The Best St. Louis Burger – Guest Post

My husband is something of a burger fanatic. He has given me so many unsolicited burger reviews since moving to St. Louis, I convinced him to sit down, order his thoughts, and let me share them with the world (or at least, this blog). So sorry there are no photos of the winning burger (devoured too quickly) or the Chase Club burger…you will just have to Yelp them I suppose!

I’m calling it: gotta give Mac his props, but my favorite St. Louis burger is Brasserie’s. It’s so good, I’m happy just to eat the meat. But the accoutrements are great, too.
~Mr. Burger-Lover

Which burgers are in consideration?
Mac’s Local Eats (Double Pimento Burger)
Brasserie
Dressel’s
Chase Club (Chase Club Burger)
Hi-Pointe (Single with White Cheddar Cheese)

Dressel’s burger

Tell me about Dressel’s; I thought that was the best burger you’d had in at least five years?
Dressel’s burger is very unique. It has an oniony-spice and almost meatloaf consistency — but in a good way. It’s a burger I could have three days a week, because I forget how good it is. It’s light and not greasy, but on the smaller side. The patty itself is pretty thick, so it’s typically very juicy.

(My) Mac’s burger

What about Mac’s; you’ve been going on and on about that one?
That’s my number one quick bite burger. It’s amazing times two. Because it’s a smash burger, it has crisp burnt edges, and you can taste the quality of the meat. You taste the extra time and care that you don’t get at Hi-Pointe (Careful, buddy; I will fight you!). There’s constant turnover there, so they’re already cooking the burgers!. At Mac’s that burger was designed for you from start to finish.

(My) Hi-Pointe’s burger

BUT Hi-Pointe is still the bomb dot com. Go on…
Hi-Pointe has a mean veggie burger. You can see the veggies in it and it comes on that delicious, buttery bun. The regular burger is an extra juicy smash burger, which most people would enjoy but it weirds me out. But most people like that so you don’t need to include that.

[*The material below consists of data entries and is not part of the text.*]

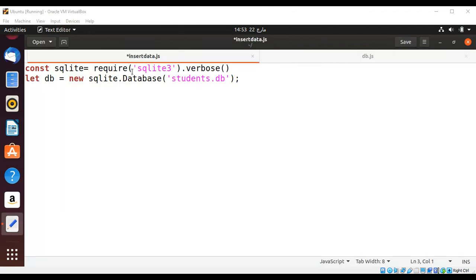First I just required the SQLite package and then created a database. I copied this code from my other video that we created to connect to our database and create a table.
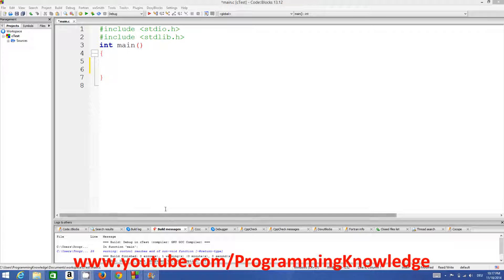Hello guys, welcome to the next video tutorial on C programming for beginners. In this video we are going to see how we can use loops in C, and we will start with the while loop — how to use while loop in C programming.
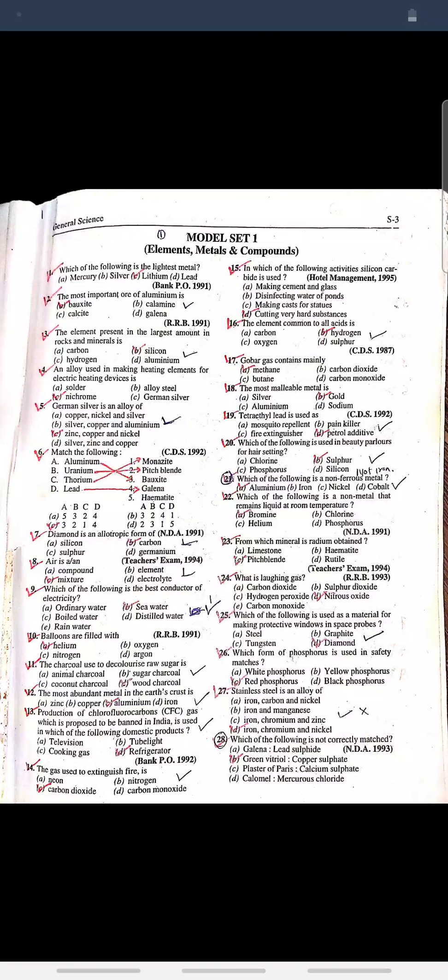Question: From which mineral is radium obtained? Answer: Pitchblende. Question: What is laughing gas? Answer: Nitrous oxide.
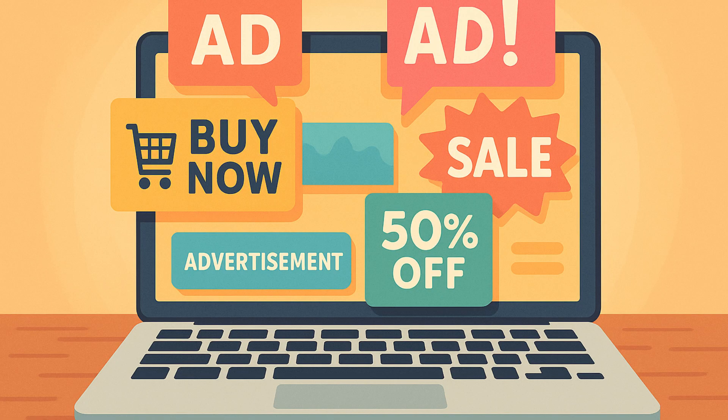Do you ever feel like you're seeing way more ads than you used to online, way more than ever? Well, you're not imagining it. In this video, I'm going to be explaining why we see more ads than we used to and how you can block most of them in minutes.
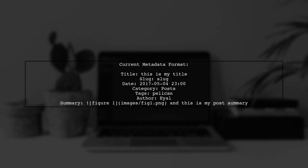To add an image to the summary in Pelican, we need to ensure that the image appears consistently across all pages. First, let's clarify the metadata format you're currently using.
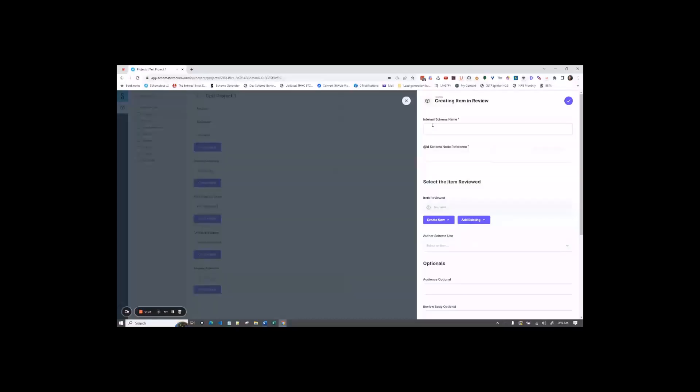For internal schema name, this is an internal database name that you can use to uniquely identify the review. For this example, we'll say Google Review Steve Smith.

TOO LATE! What happened to the Chase Club Burger?
The bacon jam and boursin accoutrement are so good, but I’m over it at this point. I loved the Chase, but now that they’ve raised the price, Brasserie all day erryday

So, Brasserie is the winner?
Brasserie’s key to success is the burger is so thin. It’s almost a French take on Diner food. It’s a super buttery burger, juicy, flavorful, with amazing, melty American cheese. The meat is such good quality, I could enjoy it without everything that comes with it — I don’t even need ketchup.

~

So there you have it: according to my loving husband (his name choice), Brasserie has the best burger in St. Louis. Personally, I freaking love Hi-Pointe (but Mac’s is a really close second place for me).

Do you have a favorite burger? What makes (or breaks) it for you?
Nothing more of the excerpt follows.